It is easier for a camel to go through the eye of a needle than for a rich man to enter the kingdom of God' (Matt. 19:24)

Perhaps you knew him. He was called Eletto. He was a young man, tall, handsome, intelligent and rich. When he heard the call of God to follow him, he did not hesitate for a moment. He never once looked back. It seemed as though riches had no meaning for him at all. He gave away everything. While showing his love by taking a young boy on an outing he drowned in a lake, aged only thirty-three.

A memorial stone by the lake commemorates this act, and upon it is inscribed his own words, 'I have chosen God alone and absolutely nothing else'.

When Eletto appears before Jesus he will certainly not hear him repeat these words:

It is easier for a camel to go through the eye of a needle than for a rich man to enter the kingdom of God.

And you, are you rich? Does this text make any impression on you?

I think you are right to be perplexed and to think about the proper course for you to follow. Jesus never said anything simply for the sake of saying it. It is therefore necessary to take these words seriously, rather than try to explain them away.
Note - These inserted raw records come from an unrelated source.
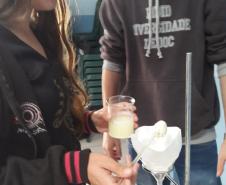 Alunos do 2º ano do CE Valmir Nunes realizam prática laboratorial nas aulas de Química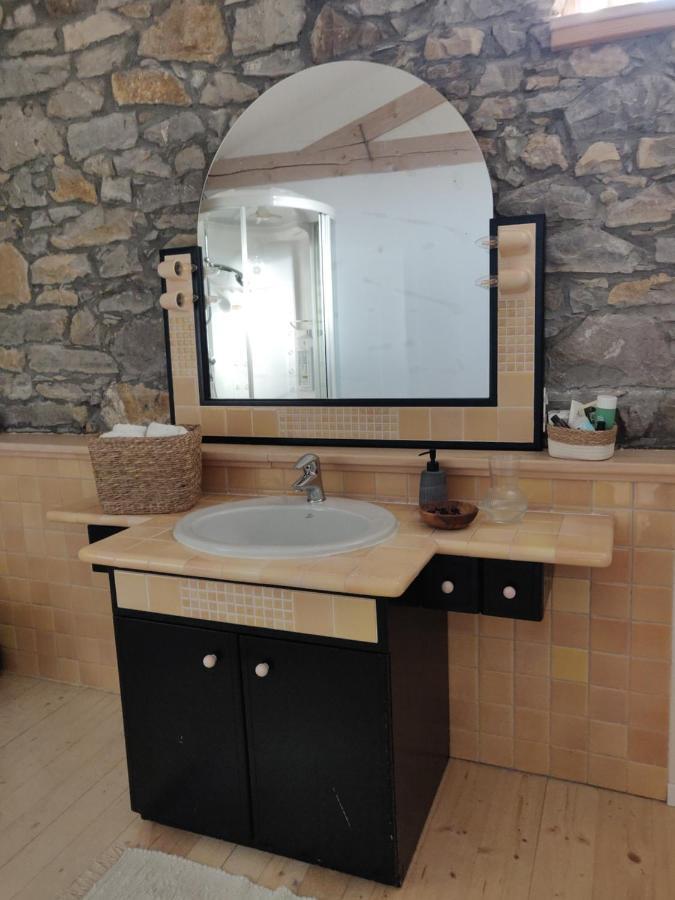 Small House In Vipava Valley 외부 사진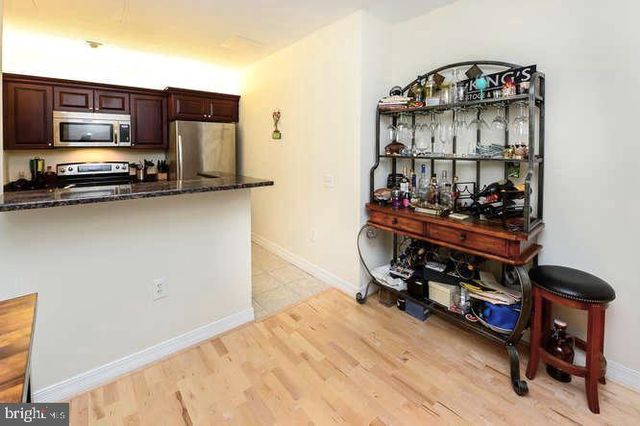 $328,000 | 1600 Arch Street, Unit 1002, Philadelphia, PA 19103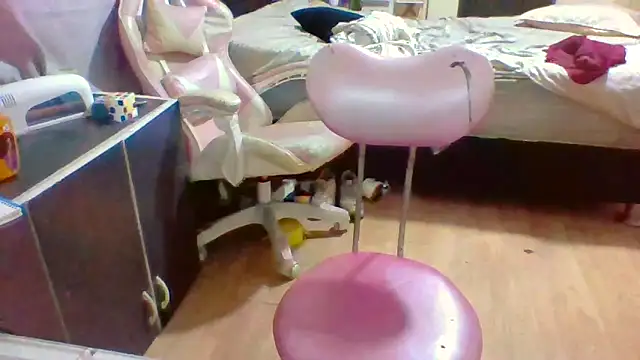 Jennxdolls online show from 02/17/25, 09:32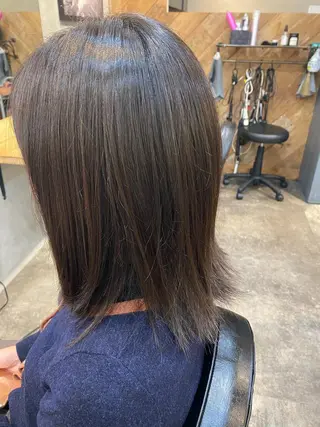 ミディアム 小山 奏良のヘアスタイル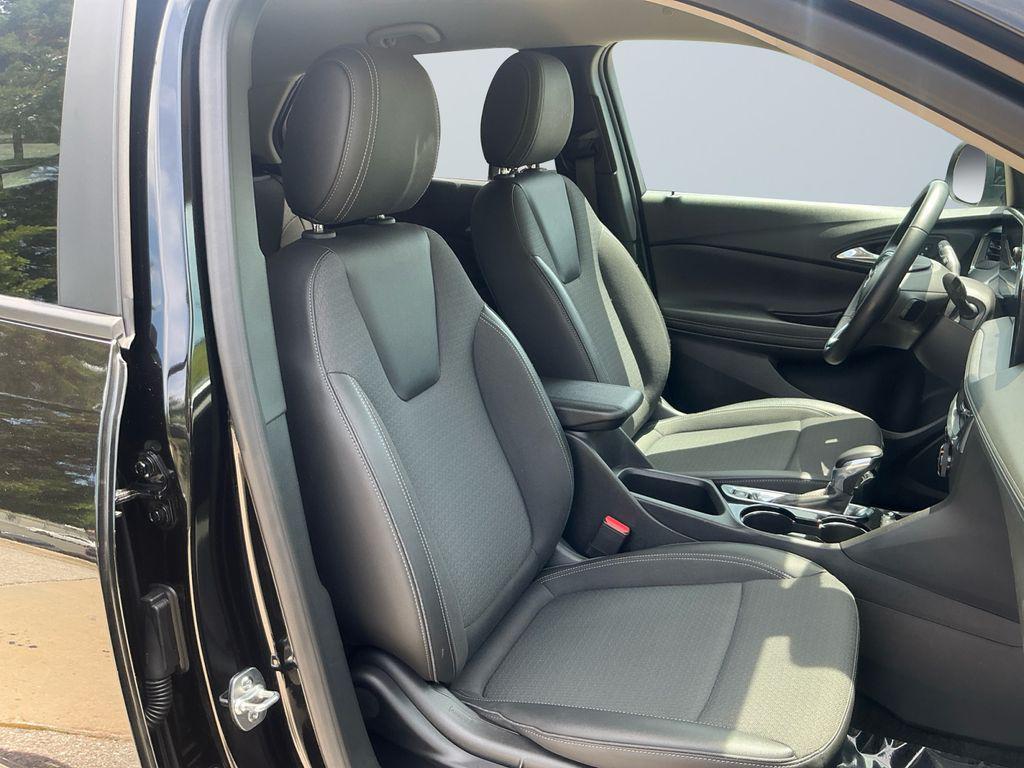 used 2025 Buick Encore GX car, priced at $23,300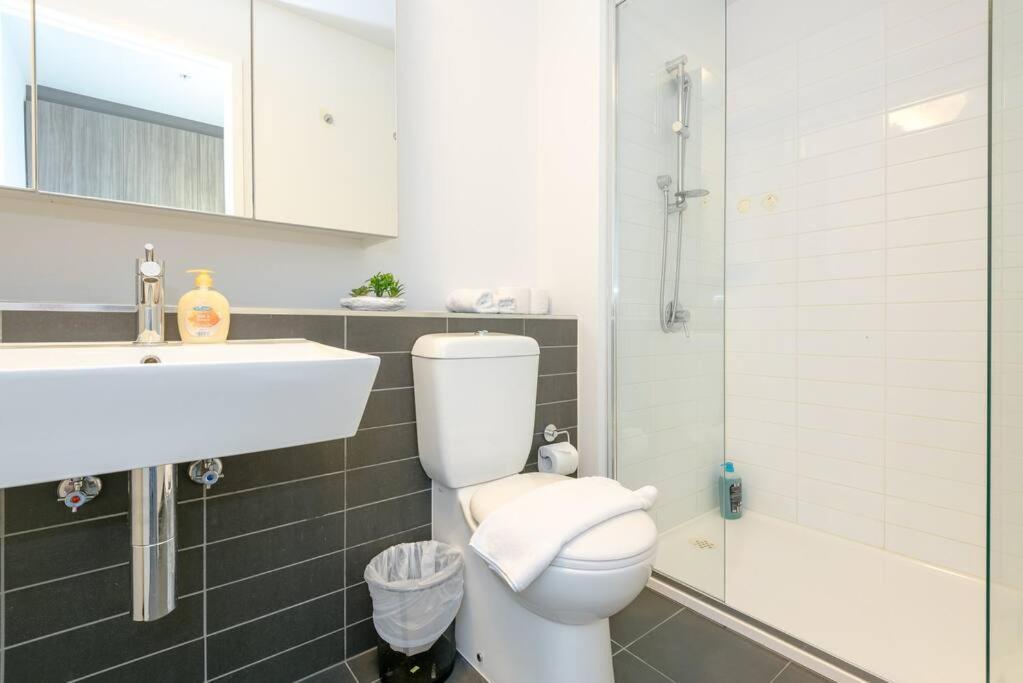 Apartment Skyview 2bd2bath Apt+parking In Mel Cbd *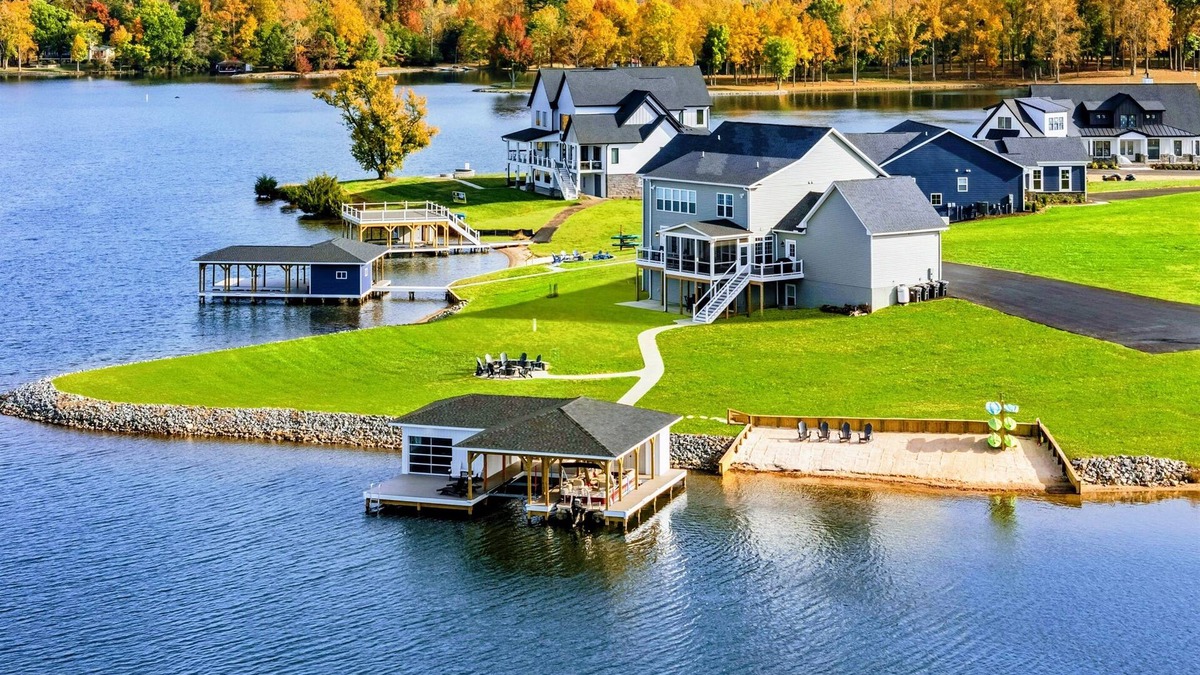 Mineral House | 7BR Private Pointe Lakefront Lake Anna Beach, Dock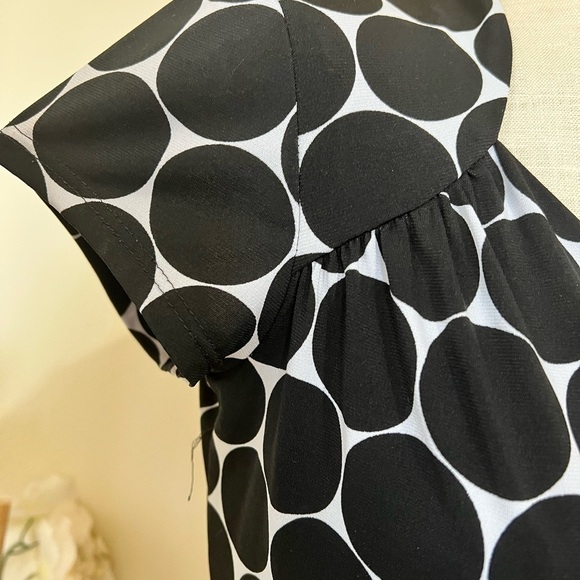 Maurices Medium Polka Dot Black White Capped Sleeve Pinup Shirt - Picture 5 of 9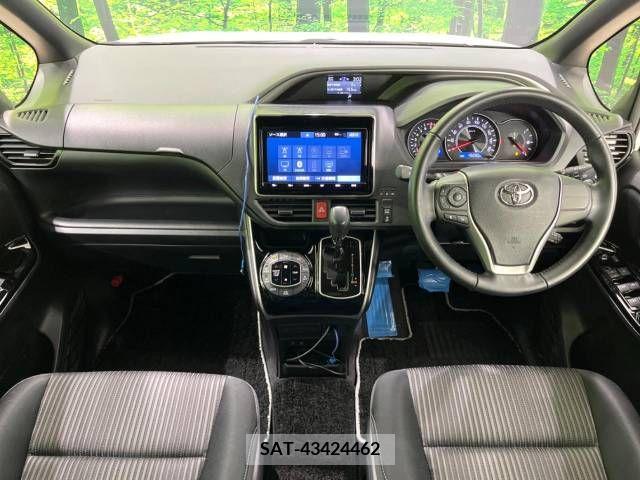 Toyota VOXY 2019-01 378063-1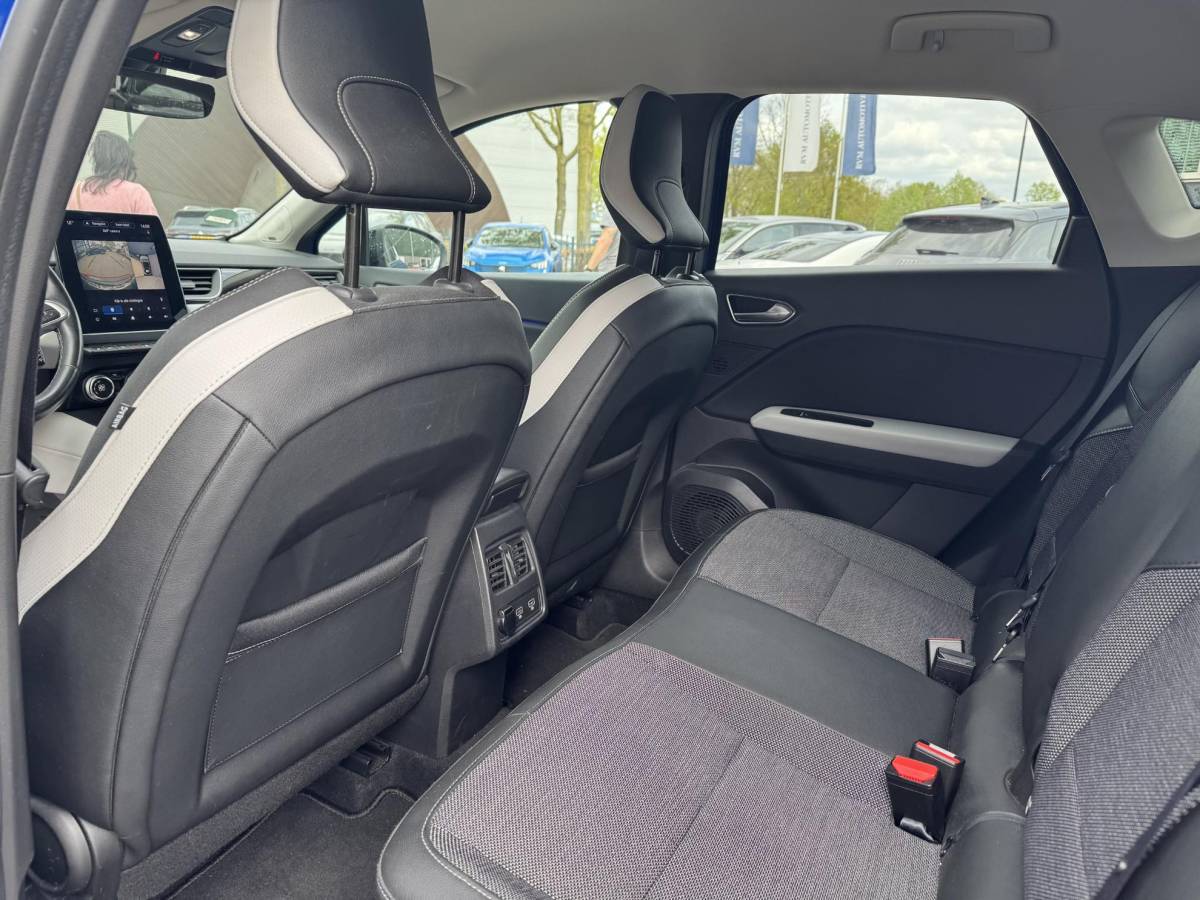 Renault Captur Renault Captur 1.3 TCe 155 Edition One | AUTOMAAT | CARPLAY | NAVIGATIE | CAMERA |ADAPTIEVE CRUISE| DODE HOEK SENSOR | STOEL + STUURVERWARMING| BOSE AUDIO| DEALER ONDERHOUDEN| RIJKLAAR GELEVERD INCL. 12 MND BOVAG GARANTIE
But let us seek to understand the true sense of the words from the way in which Jesus relates himself to the rich. He spent time with people who were well off. To Zacchaeus, who gave away only half of his goods, he said, 'Salvation has come to this house'.

The Acts of the Apostles bears witness to the fact that in the early church the sharing of one's goods was quite voluntary and therefore the actual renunciation of all that one possessed was not required.

Jesus did not then have in mind to found a community of people, all like Eletto, called to follow him and leaving all riches behind.

And yet, he said:

It is easier for a camel to go through the eye of a needle than for a rich man to enter the kingdom of God.

What then is Jesus condemning? Certainly not the good things of this world in themselves, but the attachment of the rich man to them.

And why? Because all things belong to God, but the rich man conducts himself as though the riches were his instead.

In fact riches can easily take over the place in the human heart which belongs to God, blinding us and facilitating every kind of vice. The Apostle Paul wrote, 'Those who desire to be rich fall into temptation, into a snare, into many senseless and hurtful desires that plunge men into ruin and destruction. For the love of money is the root of all evils; it is through this craving that some have wandered away from the faith and pierced their hearts with many pangs' (1 Timothy 6:9-10).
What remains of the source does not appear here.